My research is on the structure, representations, and cohomology of
various types of (noncommutative) rings,
including Hopf algebras,
quantum groups,
and group-graded rings.
A Hopf algebra is a ring with some additional structure.
Many important examples arising in various fields in mathematics
include group algebras, universal enveloping algebras of Lie algebras,
and quantum groups. Quantum groups
are not groups, but instead are
Hopf algebras that share some essential properties with groups.
Groups arise in the study of symmetry, such as that of
atoms and molecules, or of geometric spaces or of solutions of equations.
Quantum groups have their origins in statistical mechanics and knot theory,
and they as well as the more general Hopf algebras also can be regarded
as exposing symmetry.
One important property of modules (or representations) for a Hopf algebra is that the
tensor product of two modules, over a commutative ground ring, is again
a module.
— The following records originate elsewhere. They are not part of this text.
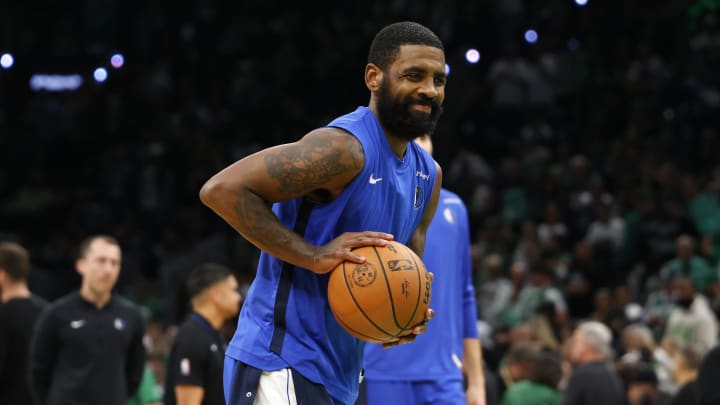 Dallas Mavericks guard Kyrie Irving (11) warms up before game two of the 2024 NBA Finals between the Boston Celtics and the Dallas Mavericks at TD Garden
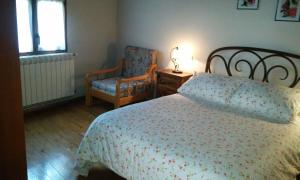 a bedroom with a bed and a chair at Casa La Abuela in San Mamés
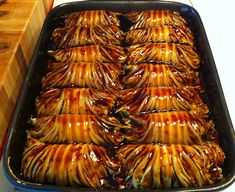 a pan filled with lots of food sitting on top of a counter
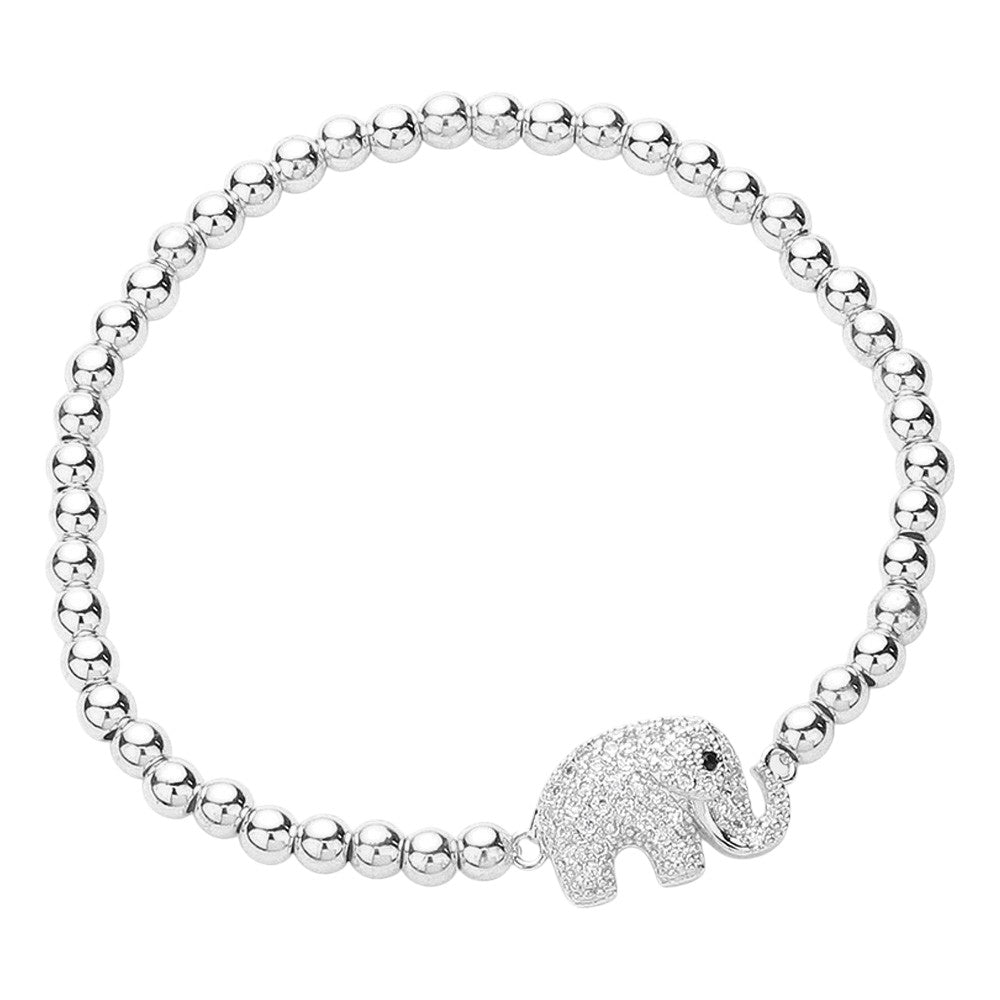 Silver CZ stone paved elephant stainless steel ball stretch bracelet combines style and durability. Crafted with high-quality stainless steel, this bracelet features intricate CZ stone detailing and a stretch design for a comfortable and secure fit. Elevate any outfit with this unique and eye-catching piece.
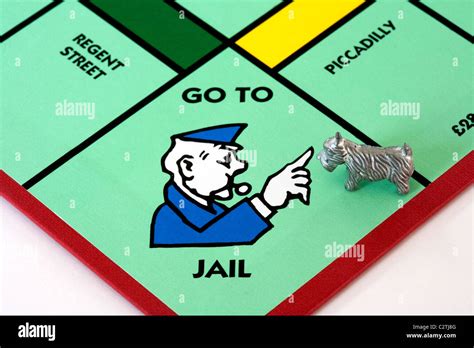 A dog piece on the Go to Jail space on a monopoly game board UK Stock Photo - Alamy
This property gives its category of modules the structure
of a tensor category, which is very beneficial for understanding
its modules and their cohomology.
A group-graded ring is a ring that decomposes into a direct sum
of components indexed by elements from a group in such a way
that multiplication follows the group multiplication.
Some important examples of
such algebras arise in geometry: If a group acts on a space
(such as a manifold or variety), one may form an
algebra from the group and an algebra of functions on the space. This algebra is
graded by the group and it encodes information about the space.
One is interested in cohomology and deformations of such
algebras in relation to cohomology and deformations of the original spaces.
Information about deformations of the algebras is contained in
their Hochschild cohomology. Some important examples of their deformations
are rings that were discovered independently in several different contexts,
termed graded (Drinfeld) Hecke algebras, symplectic
reflection algebras, and rational Cherednik algebras.